The segment of R-4 in Makati is known as Kalayaan Avenue. It follows the former Pasig Line of the Manila Electric Railway from Tejeros at the intersection with Zobel Roxas Street to East Rembo at the intersection with J.P. Rizal Avenue Extension. A portion of this segment of R-4 is non-contiguous as part of the former railroad has been converted into a residential street within the gated community of Bel-Air Village. East of Epifanio de los Santos Avenue (C-4), it forms the northern boundary of Bonifacio Global City and continues east towards Makati's border with Pasig near the Napindan Hydraulic Control Structure.

M. Concepcion Avenue 
Between the Buting Bridge over the Taguig River, which serves as the Makati-Pasig boundary, to R. Jabson Street in San Joaquin, R-4 is known as M. Concepcion Avenue.
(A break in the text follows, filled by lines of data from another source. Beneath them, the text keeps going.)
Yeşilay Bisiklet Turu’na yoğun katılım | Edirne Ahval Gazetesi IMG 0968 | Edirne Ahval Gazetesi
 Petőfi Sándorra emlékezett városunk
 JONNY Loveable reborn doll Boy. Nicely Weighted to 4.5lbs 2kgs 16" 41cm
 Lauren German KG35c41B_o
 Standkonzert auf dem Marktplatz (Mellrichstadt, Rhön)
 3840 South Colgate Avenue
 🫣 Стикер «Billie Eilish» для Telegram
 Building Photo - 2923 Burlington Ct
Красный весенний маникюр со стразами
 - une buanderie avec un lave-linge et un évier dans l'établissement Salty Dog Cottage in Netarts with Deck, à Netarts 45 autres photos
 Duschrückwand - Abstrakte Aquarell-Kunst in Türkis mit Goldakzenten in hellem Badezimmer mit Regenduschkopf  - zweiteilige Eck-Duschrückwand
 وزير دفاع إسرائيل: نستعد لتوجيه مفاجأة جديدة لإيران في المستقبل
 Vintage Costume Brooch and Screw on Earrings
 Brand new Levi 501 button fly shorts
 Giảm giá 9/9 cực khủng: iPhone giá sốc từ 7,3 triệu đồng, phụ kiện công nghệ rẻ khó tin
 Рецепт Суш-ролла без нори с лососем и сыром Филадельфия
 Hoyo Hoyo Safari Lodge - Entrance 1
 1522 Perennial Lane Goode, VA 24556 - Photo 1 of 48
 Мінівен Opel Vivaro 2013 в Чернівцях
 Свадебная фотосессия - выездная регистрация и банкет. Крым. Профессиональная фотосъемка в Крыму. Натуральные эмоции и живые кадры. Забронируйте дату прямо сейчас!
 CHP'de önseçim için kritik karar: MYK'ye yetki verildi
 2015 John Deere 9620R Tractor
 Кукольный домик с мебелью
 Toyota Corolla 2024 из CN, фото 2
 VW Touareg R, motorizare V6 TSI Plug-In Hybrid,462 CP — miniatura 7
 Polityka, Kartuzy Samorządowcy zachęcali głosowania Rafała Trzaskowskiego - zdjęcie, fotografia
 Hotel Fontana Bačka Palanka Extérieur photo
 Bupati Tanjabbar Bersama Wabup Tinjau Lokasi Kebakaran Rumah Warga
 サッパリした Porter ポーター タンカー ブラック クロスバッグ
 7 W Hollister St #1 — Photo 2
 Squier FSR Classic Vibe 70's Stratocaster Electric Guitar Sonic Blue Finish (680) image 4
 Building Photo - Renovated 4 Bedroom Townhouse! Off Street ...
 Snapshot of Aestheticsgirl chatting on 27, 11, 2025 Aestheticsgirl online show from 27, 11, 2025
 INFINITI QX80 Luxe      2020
It passes through the San Guillermo Parish Church in Buting and Manggahan Shrine just north of the municipality of Pateros before merging with Elisco Road past the R. Jabson-A. Luna Street junction.

Elisco Road 
R-4 is known as Elisco Road in the rest of the Pasig barangays of San Joaquin and Kalawaan. This road turns south upon arriving in Kalawaan and ends at the Taguig–Pateros boundary. It is unknown where R-4 would connect to Pinagbuhatan east of the Pasig River to continue its eastward journey to Taytay in Rizal.

Highway 2000 
R-4 picks up east of the Manggahan Floodway in Taytay and continues as Highway 2000 towards the Taytay poblacion of Dolores at the intersection with Taytay Diversion Road and Manila East Road (R-5). It is unknown if R-4 would follow the route of R-5 along Taytay Diversion Road or if R-4 would follow a different alignment or build a new road segment.